Inside the Good Housekeeping Test Kitchen

- The Good Housekeeping Institute tests thousands of products a year so you know where to spend your money.
They also test out thousands of recipes, so whether you're making dinner for your family or hosting a party, you're not wasting your money or your time.

I spent some time in the Good Housekeeping Test Kitchen and did some delicious tasting. The day I visited they were making everything bagels from scratch. 

Susan Westmoreland, Food Director at Good Housekeeping, describes the kitchen as the heart and soul of the Institute. She says there's so much activity, tasting, and creativity, but there's also a science to it, as they're working on precise recipes their readers can reproduce.

That means every single recipe is triple-tested to be sure it'll work when you try it at home.

Westmoreland says that by the time a recipe goes into the magazine, people will be able to make it whether they have a gas or electric stove, an All Clad pan or a pan they bought in the supermarket in a hurry. She says they do a lot of due diligence, testing recipes with multiple variables to be absolutely sure they'll work.

If you think you can't cook like the pros here, you're wrong. They use the same appliances and cookware you have at home. Westmoreland says the Test Kitchen is filled with consumer appliances. They don't have any professional equipment except for a grill they use for grilling out of season.

The goal in the Test Kitchen is to make your time in your own kitchen more productive. Westmoreland loves a relatively new section in the magazine called 'Easy Weeknights.' That provides recipes for readers who only have 20 minutes of active cooking time each night.

Associate Food Editor Sherry Rujikarn's everything bagels were for another new column called 'From Scratch' that shows readers what they can do with homemade pizza dough.
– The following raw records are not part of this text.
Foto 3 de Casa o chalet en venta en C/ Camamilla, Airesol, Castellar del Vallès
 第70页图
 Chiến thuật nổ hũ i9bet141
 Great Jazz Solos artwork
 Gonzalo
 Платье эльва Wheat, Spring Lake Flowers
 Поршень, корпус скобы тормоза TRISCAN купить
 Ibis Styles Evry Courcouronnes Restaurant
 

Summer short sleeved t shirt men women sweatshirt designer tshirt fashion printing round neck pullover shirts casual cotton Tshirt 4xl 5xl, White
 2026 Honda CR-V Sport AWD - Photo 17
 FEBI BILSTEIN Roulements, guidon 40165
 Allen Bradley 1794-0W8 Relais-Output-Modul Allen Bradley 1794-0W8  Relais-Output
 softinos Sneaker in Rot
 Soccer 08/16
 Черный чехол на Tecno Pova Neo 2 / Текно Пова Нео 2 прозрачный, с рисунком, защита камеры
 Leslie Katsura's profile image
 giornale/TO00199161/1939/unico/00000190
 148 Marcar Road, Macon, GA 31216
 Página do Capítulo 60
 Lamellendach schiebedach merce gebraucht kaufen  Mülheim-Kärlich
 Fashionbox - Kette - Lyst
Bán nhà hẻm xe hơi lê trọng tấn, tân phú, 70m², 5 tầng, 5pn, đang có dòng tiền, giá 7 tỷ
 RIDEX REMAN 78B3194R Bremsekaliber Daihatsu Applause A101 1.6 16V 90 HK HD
Sherry made pizza, of course, but also tested out cinnamon rolls, and bagels, because we are in New York after all.

This month's magazine shows readers how to make caramel sauce from scratch, then turn it into candies, dessert, and even chicken wings. Westmoreland says the column gives you a base recipe, then shows you three things you can do with it, and a couple more flavor variations you can add.

Whether it's a tricked-out holiday feast, a fresh spin on comfort food, or a New Year's bagel bar, if it's whipped up in the Test Kitchen, chances are it's delicious.

And by the time it makes the magazine it'll be perfect.